**Items listed in a dataset**
"""
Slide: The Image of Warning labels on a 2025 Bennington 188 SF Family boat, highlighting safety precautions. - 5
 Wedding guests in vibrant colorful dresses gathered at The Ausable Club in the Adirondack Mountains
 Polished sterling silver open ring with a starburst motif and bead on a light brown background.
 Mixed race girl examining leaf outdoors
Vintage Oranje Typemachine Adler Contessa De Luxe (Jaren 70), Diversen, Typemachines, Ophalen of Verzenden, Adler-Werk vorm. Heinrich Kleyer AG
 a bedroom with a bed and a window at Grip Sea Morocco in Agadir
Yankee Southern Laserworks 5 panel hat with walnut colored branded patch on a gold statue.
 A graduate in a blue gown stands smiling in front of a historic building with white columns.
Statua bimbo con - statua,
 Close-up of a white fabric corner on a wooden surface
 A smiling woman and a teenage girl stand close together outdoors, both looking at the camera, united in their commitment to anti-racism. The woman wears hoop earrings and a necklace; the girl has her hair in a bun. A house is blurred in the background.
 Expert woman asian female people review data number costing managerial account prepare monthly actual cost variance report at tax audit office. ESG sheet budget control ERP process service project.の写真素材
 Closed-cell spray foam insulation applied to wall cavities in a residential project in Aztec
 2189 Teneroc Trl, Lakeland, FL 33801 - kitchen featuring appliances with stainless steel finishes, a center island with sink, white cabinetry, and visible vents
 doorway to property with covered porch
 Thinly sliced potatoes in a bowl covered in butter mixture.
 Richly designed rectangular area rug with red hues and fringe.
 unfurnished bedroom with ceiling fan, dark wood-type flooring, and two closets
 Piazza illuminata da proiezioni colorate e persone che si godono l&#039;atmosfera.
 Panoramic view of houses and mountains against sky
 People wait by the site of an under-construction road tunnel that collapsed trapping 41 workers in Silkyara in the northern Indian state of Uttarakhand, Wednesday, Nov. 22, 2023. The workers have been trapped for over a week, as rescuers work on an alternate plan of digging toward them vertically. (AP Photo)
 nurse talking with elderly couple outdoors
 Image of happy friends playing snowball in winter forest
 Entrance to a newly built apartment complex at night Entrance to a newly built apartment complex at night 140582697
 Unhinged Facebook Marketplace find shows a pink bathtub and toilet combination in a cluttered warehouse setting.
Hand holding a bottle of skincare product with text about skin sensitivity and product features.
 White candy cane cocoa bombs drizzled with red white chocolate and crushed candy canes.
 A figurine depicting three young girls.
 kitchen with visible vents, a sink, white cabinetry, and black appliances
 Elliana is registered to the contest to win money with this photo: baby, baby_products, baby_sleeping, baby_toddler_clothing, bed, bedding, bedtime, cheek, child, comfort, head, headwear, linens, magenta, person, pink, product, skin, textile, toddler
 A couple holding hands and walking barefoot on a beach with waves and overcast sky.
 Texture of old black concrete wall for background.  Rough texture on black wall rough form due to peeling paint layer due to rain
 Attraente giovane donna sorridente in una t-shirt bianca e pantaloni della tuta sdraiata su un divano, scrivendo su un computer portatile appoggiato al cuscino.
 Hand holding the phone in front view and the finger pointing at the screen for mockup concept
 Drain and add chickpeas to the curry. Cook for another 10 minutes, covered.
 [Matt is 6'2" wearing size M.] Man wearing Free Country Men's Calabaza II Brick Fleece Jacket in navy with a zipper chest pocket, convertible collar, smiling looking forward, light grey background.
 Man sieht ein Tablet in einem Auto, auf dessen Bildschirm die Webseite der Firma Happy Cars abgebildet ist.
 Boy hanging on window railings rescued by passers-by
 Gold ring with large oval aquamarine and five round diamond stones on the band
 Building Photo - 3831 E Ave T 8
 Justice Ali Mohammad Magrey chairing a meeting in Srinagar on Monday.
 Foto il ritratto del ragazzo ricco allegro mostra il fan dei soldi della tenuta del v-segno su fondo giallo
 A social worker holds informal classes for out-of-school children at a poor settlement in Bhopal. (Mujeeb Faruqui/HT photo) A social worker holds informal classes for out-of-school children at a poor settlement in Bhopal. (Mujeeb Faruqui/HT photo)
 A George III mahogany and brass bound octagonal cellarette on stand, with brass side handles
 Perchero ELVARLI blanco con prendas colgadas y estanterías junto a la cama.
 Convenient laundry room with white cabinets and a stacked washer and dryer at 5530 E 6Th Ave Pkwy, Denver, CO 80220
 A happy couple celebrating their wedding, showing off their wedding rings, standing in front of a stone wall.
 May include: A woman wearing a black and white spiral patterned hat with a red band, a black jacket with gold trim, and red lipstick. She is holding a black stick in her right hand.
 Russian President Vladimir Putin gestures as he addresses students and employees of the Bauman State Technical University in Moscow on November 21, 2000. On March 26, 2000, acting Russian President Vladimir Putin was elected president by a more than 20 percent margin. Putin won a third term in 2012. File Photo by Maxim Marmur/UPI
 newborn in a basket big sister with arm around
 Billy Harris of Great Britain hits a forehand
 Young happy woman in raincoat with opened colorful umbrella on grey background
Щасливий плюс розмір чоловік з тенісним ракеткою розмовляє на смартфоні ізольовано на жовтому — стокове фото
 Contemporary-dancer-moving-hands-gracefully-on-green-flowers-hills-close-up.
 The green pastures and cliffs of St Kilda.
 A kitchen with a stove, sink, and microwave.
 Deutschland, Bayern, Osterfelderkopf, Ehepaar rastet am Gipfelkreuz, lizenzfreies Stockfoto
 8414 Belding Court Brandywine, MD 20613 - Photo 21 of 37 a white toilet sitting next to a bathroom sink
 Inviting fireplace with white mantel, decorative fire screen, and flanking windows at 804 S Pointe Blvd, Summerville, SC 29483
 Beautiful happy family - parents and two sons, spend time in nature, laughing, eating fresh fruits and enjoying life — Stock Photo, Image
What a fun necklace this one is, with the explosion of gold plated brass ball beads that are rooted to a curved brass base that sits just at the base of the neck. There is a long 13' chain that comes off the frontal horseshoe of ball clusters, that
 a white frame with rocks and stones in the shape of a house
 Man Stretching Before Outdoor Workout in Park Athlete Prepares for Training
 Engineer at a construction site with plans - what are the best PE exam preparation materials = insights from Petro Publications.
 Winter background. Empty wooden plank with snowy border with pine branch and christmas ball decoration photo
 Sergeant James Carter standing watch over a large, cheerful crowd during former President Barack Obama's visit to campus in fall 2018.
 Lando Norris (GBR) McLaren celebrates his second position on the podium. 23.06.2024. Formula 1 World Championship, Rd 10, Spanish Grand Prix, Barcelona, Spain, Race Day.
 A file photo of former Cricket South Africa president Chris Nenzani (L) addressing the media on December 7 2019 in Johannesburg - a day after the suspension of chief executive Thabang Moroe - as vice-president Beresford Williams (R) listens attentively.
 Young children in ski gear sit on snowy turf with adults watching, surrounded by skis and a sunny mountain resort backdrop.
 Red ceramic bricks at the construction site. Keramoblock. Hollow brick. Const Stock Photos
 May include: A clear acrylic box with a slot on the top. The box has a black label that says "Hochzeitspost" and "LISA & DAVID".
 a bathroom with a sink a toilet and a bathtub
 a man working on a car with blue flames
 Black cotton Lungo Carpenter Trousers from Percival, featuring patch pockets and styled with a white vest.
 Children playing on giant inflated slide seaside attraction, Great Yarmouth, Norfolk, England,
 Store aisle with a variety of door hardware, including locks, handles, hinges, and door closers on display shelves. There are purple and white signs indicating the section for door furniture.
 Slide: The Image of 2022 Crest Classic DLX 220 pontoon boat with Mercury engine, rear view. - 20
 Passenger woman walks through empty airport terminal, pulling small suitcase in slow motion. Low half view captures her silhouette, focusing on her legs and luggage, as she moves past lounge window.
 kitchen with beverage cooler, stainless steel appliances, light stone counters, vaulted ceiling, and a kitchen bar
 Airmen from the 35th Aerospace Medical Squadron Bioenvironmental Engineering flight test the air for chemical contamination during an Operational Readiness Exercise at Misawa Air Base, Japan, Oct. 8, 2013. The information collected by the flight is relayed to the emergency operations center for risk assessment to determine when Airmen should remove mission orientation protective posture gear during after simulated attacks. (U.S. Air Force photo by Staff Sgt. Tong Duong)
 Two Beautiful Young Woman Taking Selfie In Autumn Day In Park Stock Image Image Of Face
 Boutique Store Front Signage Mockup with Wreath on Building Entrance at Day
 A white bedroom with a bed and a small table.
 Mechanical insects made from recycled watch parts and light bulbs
"""
Lines after the one containing "Yankee Southern Laserworks" are left out; every line from the start of the entries through that line is restated word for word.

**Your solution**
Slide: The Image of Warning labels on a 2025 Bennington 188 SF Family boat, highlighting safety precautions. - 5
 Wedding guests in vibrant colorful dresses gathered at The Ausable Club in the Adirondack Mountains
 Polished sterling silver open ring with a starburst motif and bead on a light brown background.
 Mixed race girl examining leaf outdoors
Vintage Oranje Typemachine Adler Contessa De Luxe (Jaren 70), Diversen, Typemachines, Ophalen of Verzenden, Adler-Werk vorm. Heinrich Kleyer AG
 a bedroom with a bed and a window at Grip Sea Morocco in Agadir
Yankee Southern Laserworks 5 panel hat with walnut colored branded patch on a gold statue.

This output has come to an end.